|This Week in Washington: Bonner Legislation Focuses on Gulf Coast Restoration|
More than a year after the Gulf oil spill, the total cost of this man made storm on our region has yet to be fully calculated. The visible damage may have largely been removed but the scars will take time to heal. An important step forward in that recovery is ensuring that our coastal communities get the resources they need to regain lost ground.
Last September former Governor Bob Riley created the Coastal Recovery Commission to carefully study the catastrophic oil spill's impact on Alabama, and in particular, in Southwest Alabama. The commission's report, which was released in December, called for a strategic focus on strengthening our local economies and the environment. A regional partnership on the state, county and community level is needed to rebuild and to reduce our vulnerability to future disasters – whether natural or man made.
Each of the five Gulf Coast states experienced varying degrees of damage from the oil spill. Alabama, in particular, was dealt a serious blow to our Gulf tourist-related economy. The Coastal Recovery Commission recommended that federal Clean Water Act fines paid by BP and others associated with the spill be channeled to the states directly affected by the spill, and specifically to those communities at ground zero.
Under current law, in the event of an oil spill of national significance, any Clean Water Act fines paid will go to the federal government to replenish the Oil Spill Liability Trust Fund to address future spills. The remainder of the fines collected would be directed to the federal general treasury. In the case of the 2010 Gulf oil spill, total fines collected are expected to exceed what is needed to replenish the Oil Spill Liability Trust Fund. There is general agreement among the five Gulf Coast states that these excess funds should be put to use for Gulf Coast recovery efforts, rather than go to Washington.

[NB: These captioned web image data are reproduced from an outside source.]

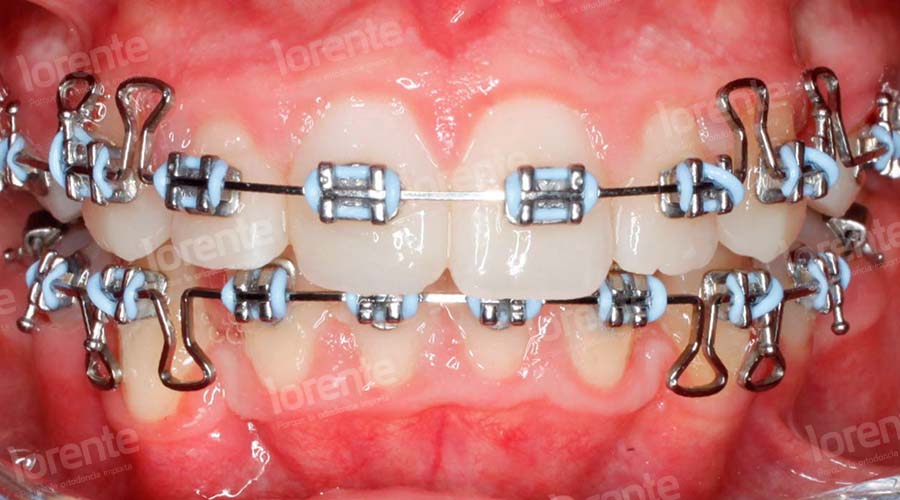 Caso clínico Ortodoncia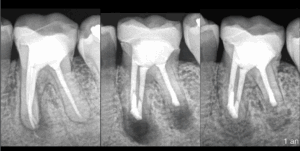 BLOG - Dr Brice RIera - Endodontie et decision therapeutique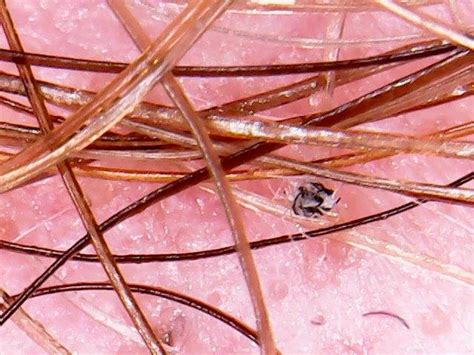 New Book Reveals Truth Behind Morgellons Disease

On May 5, I introduced legislation – known as the Gulf Coast Restoration Act (HR 1762) – specifically directing 80 percent of the Clean Water Act fines levied in the 2010 Gulf oil spill be distributed among the five Gulf states of Alabama, Florida, Louisiana, Mississippi and Texas. The remaining 20 percent would be deposited in the Oil Spill Liability Trust Fund.
The Gulf Coast Restoration Act would mandate that each of the five Gulf states receives at least five percent and no more than 30 percent of these Clean Water Act fines for ecological and economic recovery. It would leave the decision of how much to spend on each up to the states themselves. This is particularly important since some states, such as Louisiana bore a greater immediate environmental burden from the spill, while other states, like Alabama, experienced major economic losses. The long-term environmental impact of the spill is, of course, years away from a full assessment.
In keeping with the recommendation of the Coastal Recovery Commission, my legislation directs the majority of each state's share of CWA fine monies be spent in the communities which were directly affected by the spill.
The Gulf Coast Restoration Act has already received bipartisan support from 13 Gulf Coast lawmakers, including every member of the Alabama Congressional Delegation, as well as the endorsement of the Mobile Press-Register.
While my legislation is not the only bill introduced this session of Congress dealing with the distribution of Clean Water Act fines from the BP oil spill, I believe it is the most objective and would serve as a base from which a final agreement can be reached.